Doch Trauma ist oft viel leiser. Es kann entstehen, wenn wir uns über lange Zeit unsicher, überfordert oder allein fühlen – und unser Nervensystem nie wirklich in die Entspannung findet.
Gerade Mamas sind besonders gefährdet:
Schlafmangel, dauerhafte Verantwortung, kaum Zeit für sich selbst – das alles kann den Körper dauerhaft im Alarmzustand halten.
In diesem Artikel räume ich mit den größten Missverständnissen auf und zeige dir, wie du erkennst, ob dein Nervensystem noch in alten Mustern feststeckt – und was du tun kannst, um sanft in die Heilung zu gehen.
Trauma ist eine Körperreaktion, kein Ereignis
Die wichtigste Erkenntnis vorweg: Trauma ist nicht das, was dir passiert ist – sondern das, was in deinem Körper passiert, wenn eine Situation zu viel war.
Schocktrauma entsteht meist durch ein einzelnes, überwältigendes Ereignis – z. B. einen Unfall oder einen plötzlichen Verlust.
Bindungs- oder Entwicklungstrauma hingegen entwickelt sich über Monate oder Jahre. Das passiert oft, wenn ein Kind immer wieder zu wenig Sicherheit, Nähe oder emotionale Unterstützung erfährt.
Aber auch Dauerstress, wie ihn viele Mamas in ihrem Alltag erleben, überfordert das Nervensystem und kann es in einen dauerhaften Alarmzustand bringen: Du funktionierst, organisierst, kümmerst dich – aber innerlich bist du ständig „auf Sendung“. Dein Körper kennt keinen echten Ruhezustand mehr.
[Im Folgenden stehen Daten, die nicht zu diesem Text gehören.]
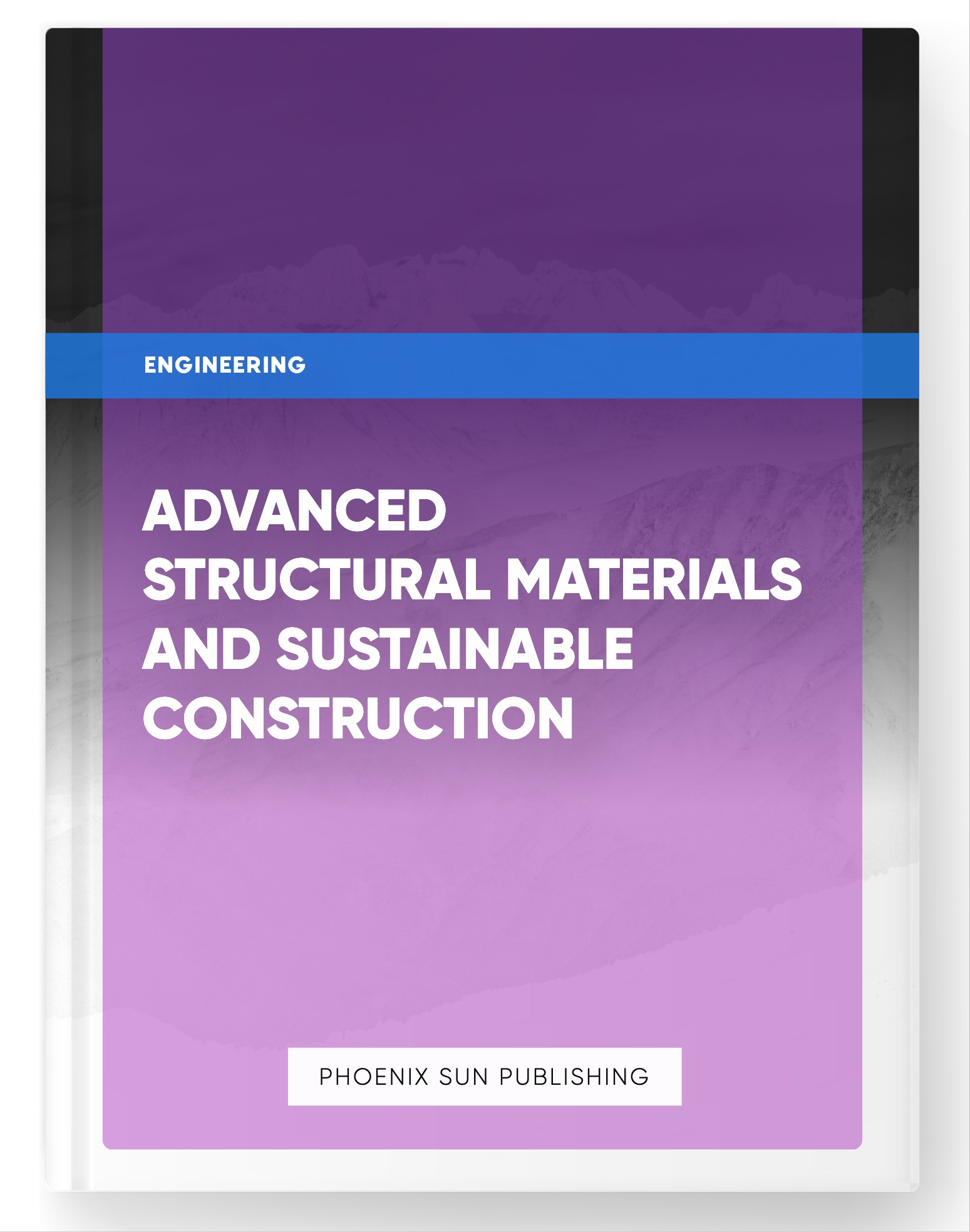 Advanced Structural Materials and Sustainable Construction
Häufige Missverständnisse über Trauma
Mythos 1 – „Trauma heißt, etwas Schlimmes ist passiert“
Falsch. Trauma beschreibt die Reaktion deines Nervensystems, nicht nur das Ereignis. Auch wiederholte kleine Überforderungen können dein System prägen.
Mythos 2 – „Das geht von allein weg“
Oft bleibt der Körper im Überlebensmodus hängen. Ohne gezielte Regulation findet er nur schwer zurück in Sicherheit.
Mythos 3 – „Man muss alles erinnern, um zu heilen“
Dein Körper speichert Erlebnisse auch ohne klare Bilder. Heilung ist möglich, selbst wenn du keine bewussten Erinnerungen hast.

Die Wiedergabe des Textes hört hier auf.